**** Dataset
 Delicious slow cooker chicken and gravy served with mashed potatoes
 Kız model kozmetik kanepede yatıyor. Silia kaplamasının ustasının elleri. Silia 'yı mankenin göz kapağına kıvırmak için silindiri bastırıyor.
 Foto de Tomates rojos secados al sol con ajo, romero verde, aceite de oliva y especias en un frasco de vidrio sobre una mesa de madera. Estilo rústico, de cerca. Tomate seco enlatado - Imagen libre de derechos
********
**** Dataset
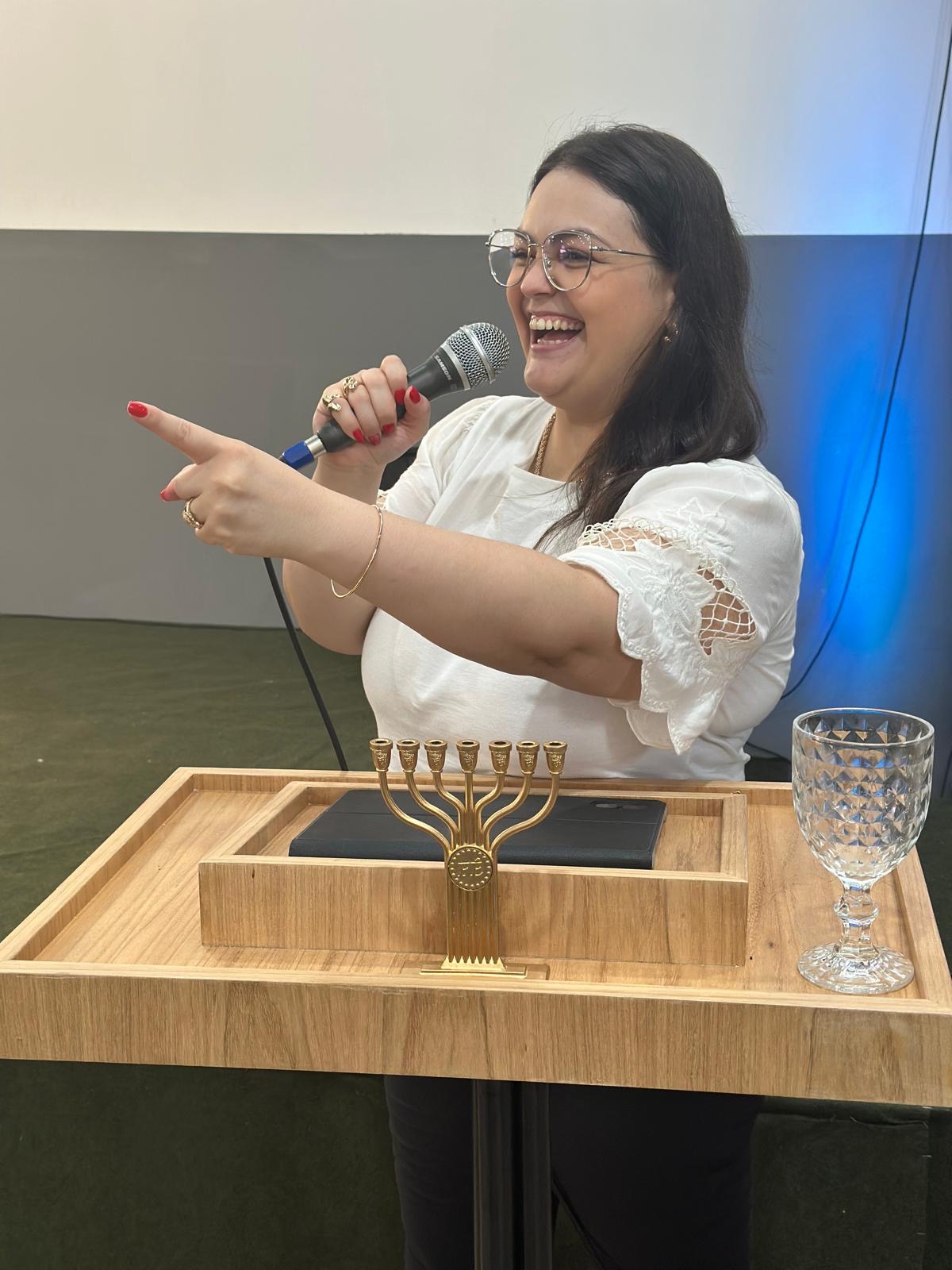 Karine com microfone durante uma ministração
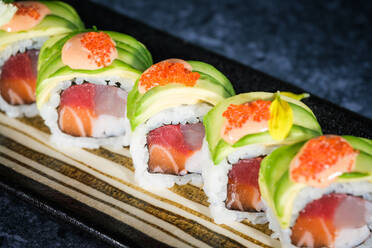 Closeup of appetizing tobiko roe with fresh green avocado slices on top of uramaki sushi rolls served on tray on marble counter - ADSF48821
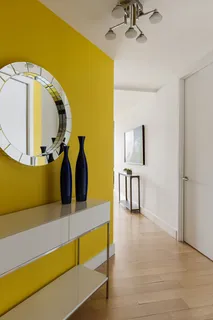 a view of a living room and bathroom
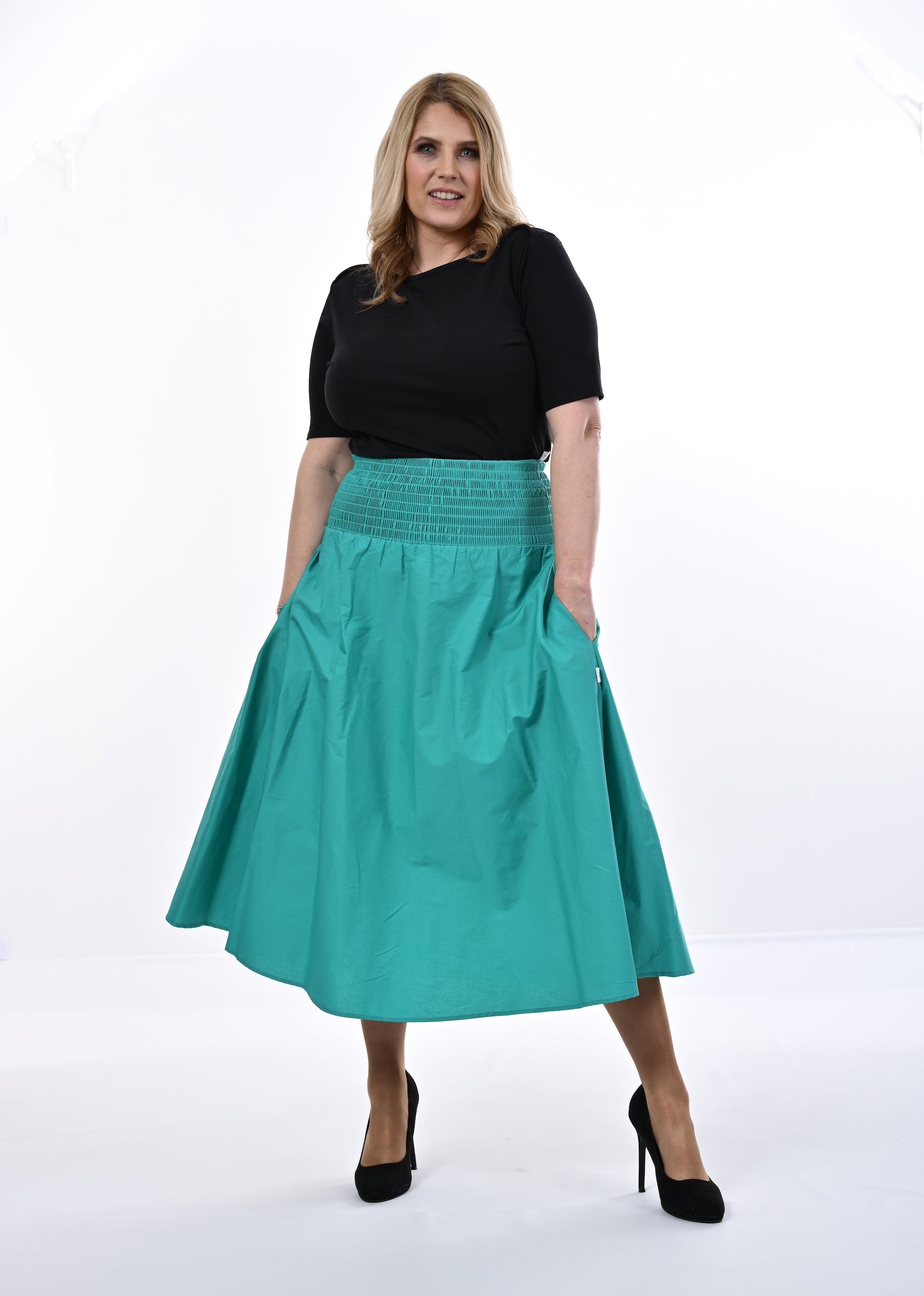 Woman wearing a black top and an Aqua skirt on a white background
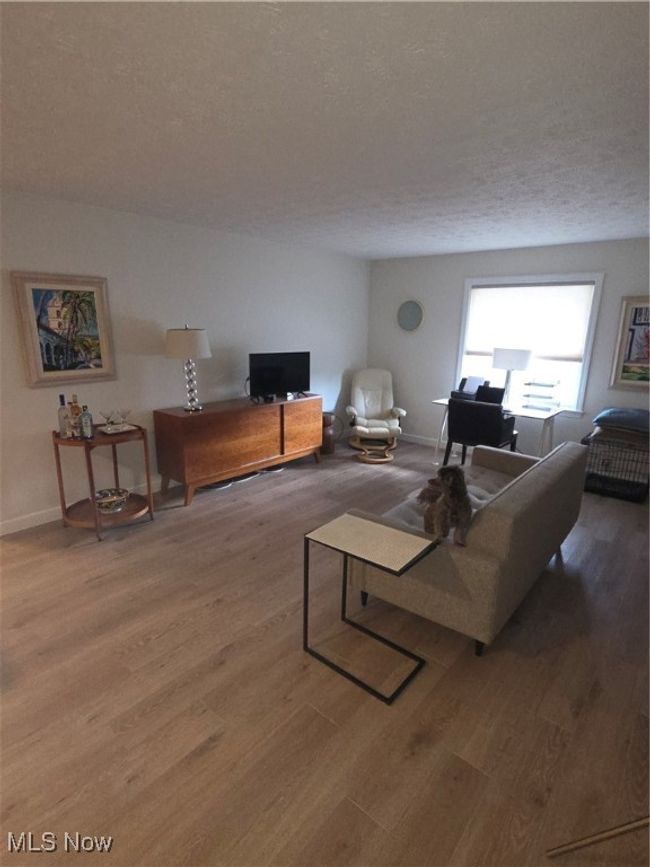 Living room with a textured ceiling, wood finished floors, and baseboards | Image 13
********
**Instructions to follow**
Keep to the lines above from the line with "a view of a living room and bathroom" to the line with "Living room with", and set down exactly those, inclusive, with nothing else and every picture left out.

**Answer section**
 a view of a living room and bathroom
 Woman wearing a black top and an Aqua skirt on a white background
 Living room with a textured ceiling, wood finished floors, and baseboards | Image 13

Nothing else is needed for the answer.